### BRIEF
In the records below, find the line that contains "Spielplatz, Holzverschlag". Retype that line and all the lines after it through the end, leaving out the pictures.

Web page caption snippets
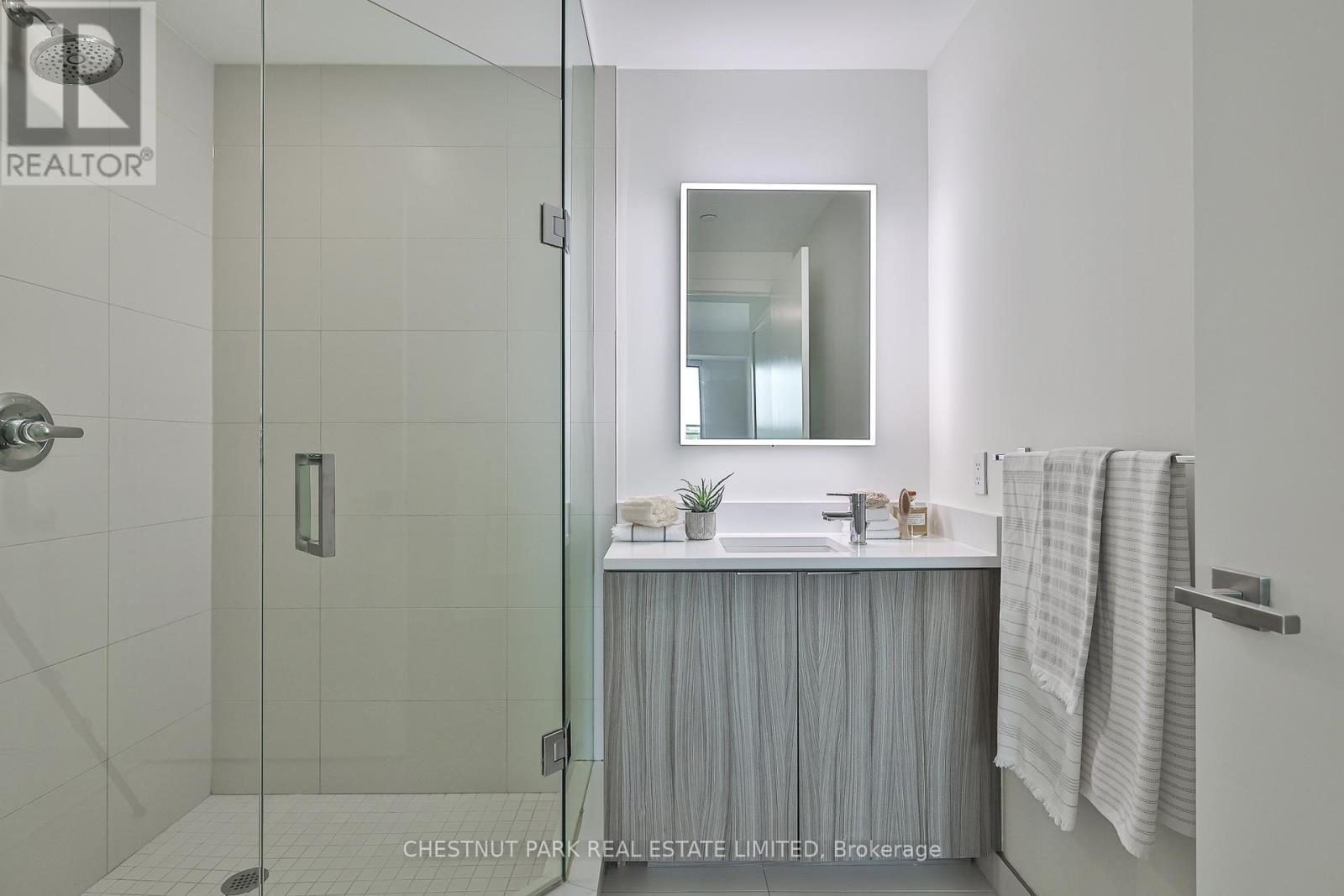 Photo 27 of 704 223 St Clair Avenue W, Toronto ON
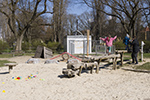 Spielplatz, Holzverschlag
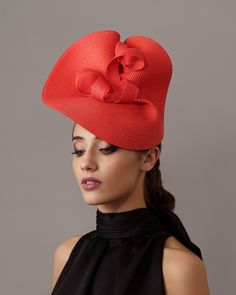 Ascot Red fascinator hat for woman. This ladies wedding hat red has been decorated with an elegant red bow that creates a beautiful draw.  It is an elegant red derby fascinator that you can wear for Melbourne Cup, Polo Cup, Kentucky derby, Royal Ascot horse races, weddings, cocktails, Tea Party... It is mounted on a headband that allows to tilt the hat to the liking of each one. The fascinator has been hand sewn. If you would like to change any colors or items of the hat please contact us to mee Red Hat Fascinator For Races, Red Headband Fascinator For Races, Ladies Wedding Hats, Red Spring Party Fascinator, Red Spring Event Fascinator, Luxury Red Fascinator, Ascot Horse Racing, Kate Middleton Hats, Red Fascinator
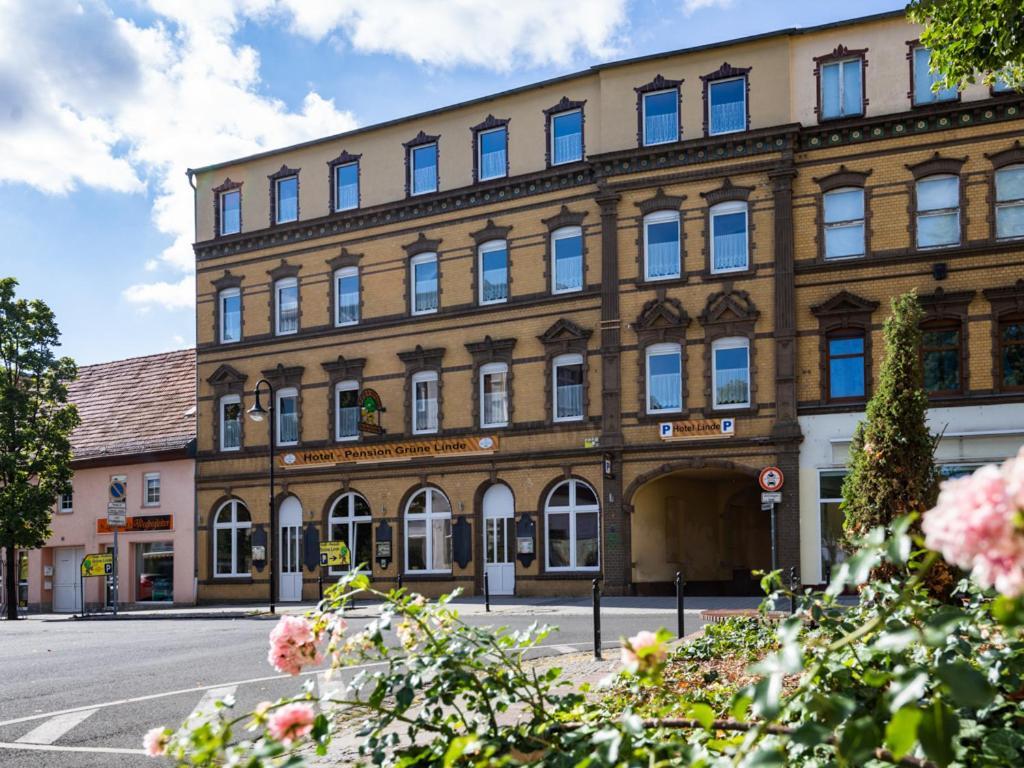 Hotel-Pension Gruene Linde Delitzsch Exterior photo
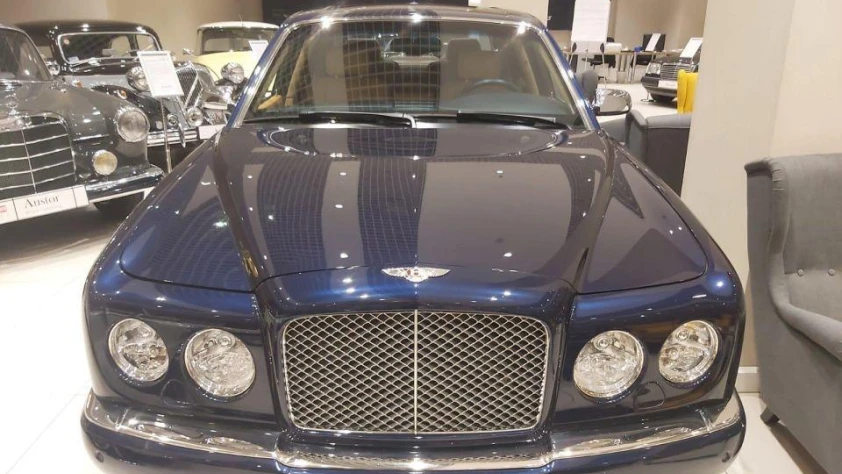 Bentley Arnage- Rok 2005 - Kolor Niebieski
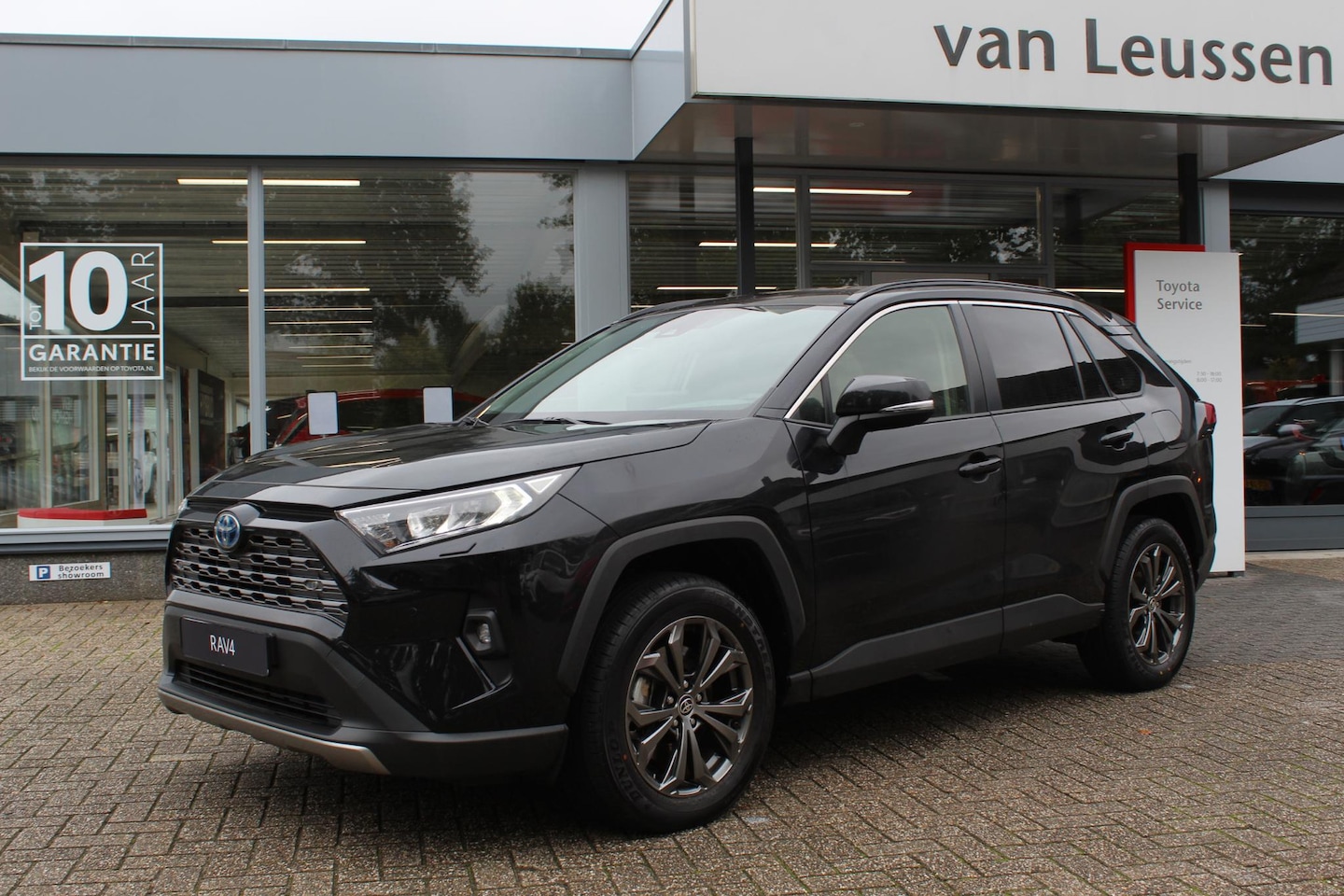 Toyota RAV4 - 2.5 Hybrid STYLE STOEL/STUUR&VOORRUITVERW. LED EL-A.KLEP KEYLESS DAB AD-CRUISE APPLE/ANDRO - AutoWereld.nl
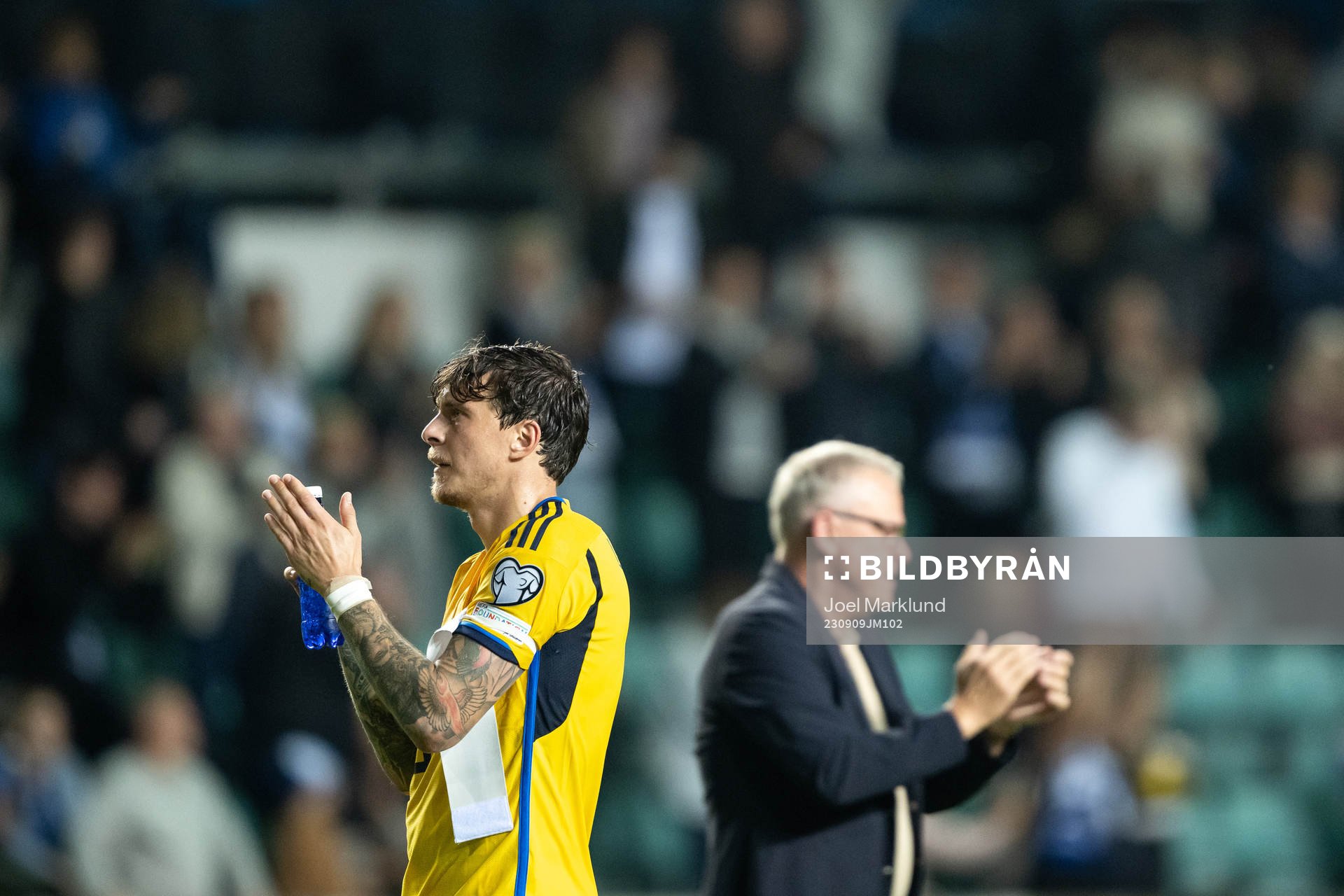 Victor Nilsson Lindelöf and head coach Janne Andersson of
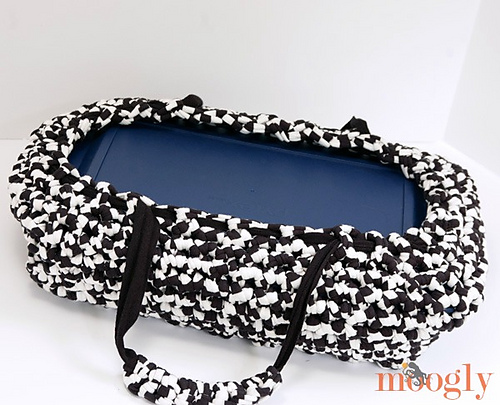 Chic Casserole and Cake Carrier photo 3
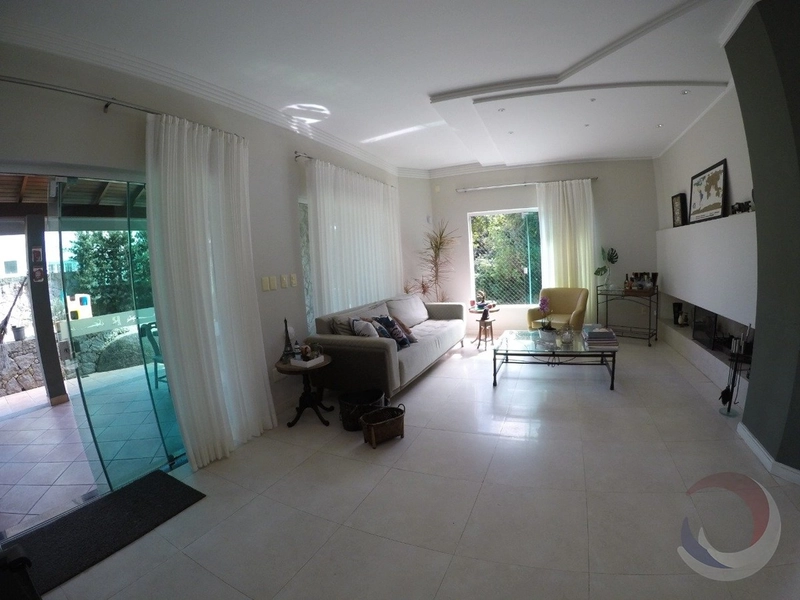 Casa residencial em Cacupé com 3 dormitórios, sendo 3 suítes e 4 vagas: 12ª foto da galeria de imagens do imóvel
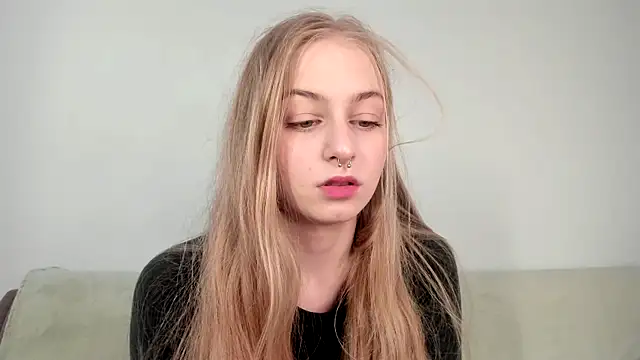 MiaMews online show from May 15, 2026, 7:04 am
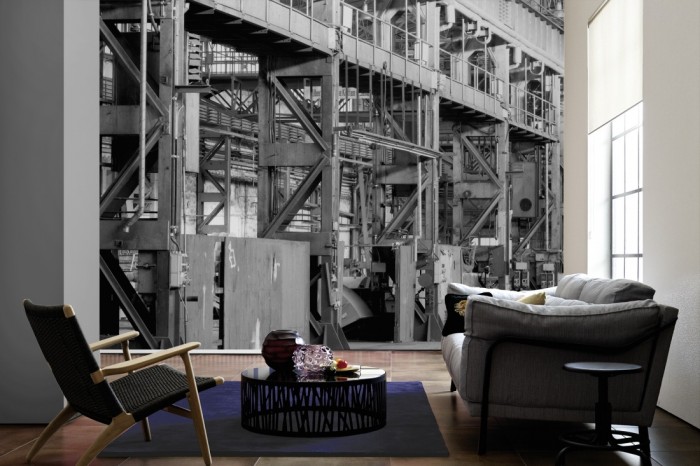 Im Wohnzimmer die Fototapete Industriegebäude, schwarz-weiß auf einer großen Wand tapeziert. Die Fototapete Industriegebäude, schwarz-weiß ist als Vlies-Fototapete im Wohnzimmer leicht zu tapezieren.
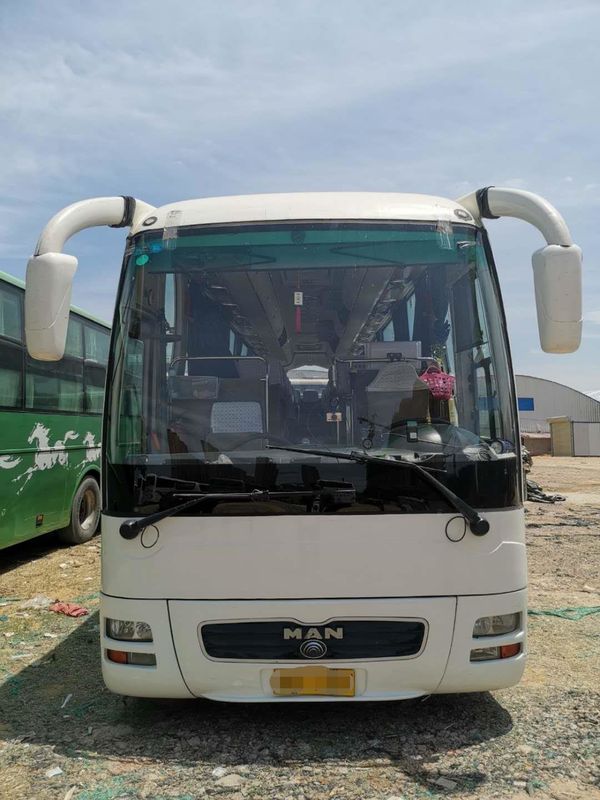 51 sedile ha usato il colore bianco piano della parte di sinistra di serie dell'uomo del bus di servizio della città di Yutong della vettura diesel della direzione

### FINISHED TASK
 Spielplatz, Holzverschlag
 Ascot Red fascinator hat for woman. This ladies wedding hat red has been decorated with an elegant red bow that creates a beautiful draw.  It is an elegant red derby fascinator that you can wear for Melbourne Cup, Polo Cup, Kentucky derby, Royal Ascot horse races, weddings, cocktails, Tea Party... It is mounted on a headband that allows to tilt the hat to the liking of each one. The fascinator has been hand sewn. If you would like to change any colors or items of the hat please contact us to mee Red Hat Fascinator For Races, Red Headband Fascinator For Races, Ladies Wedding Hats, Red Spring Party Fascinator, Red Spring Event Fascinator, Luxury Red Fascinator, Ascot Horse Racing, Kate Middleton Hats, Red Fascinator
 Hotel-Pension Gruene Linde Delitzsch Exterior photo
 Bentley Arnage- Rok 2005 - Kolor Niebieski
 Toyota RAV4 - 2.5 Hybrid STYLE STOEL/STUUR&VOORRUITVERW. LED EL-A.KLEP KEYLESS DAB AD-CRUISE APPLE/ANDRO - AutoWereld.nl
 Victor Nilsson Lindelöf and head coach Janne Andersson of
 Chic Casserole and Cake Carrier photo 3
 Casa residencial em Cacupé com 3 dormitórios, sendo 3 suítes e 4 vagas: 12ª foto da galeria de imagens do imóvel
 MiaMews online show from May 15, 2026, 7:04 am
 Im Wohnzimmer die Fototapete Industriegebäude, schwarz-weiß auf einer großen Wand tapeziert. Die Fototapete Industriegebäude, schwarz-weiß ist als Vlies-Fototapete im Wohnzimmer leicht zu tapezieren.
 51 sedile ha usato il colore bianco piano della parte di sinistra di serie dell'uomo del bus di servizio della città di Yutong della vettura diesel della direzione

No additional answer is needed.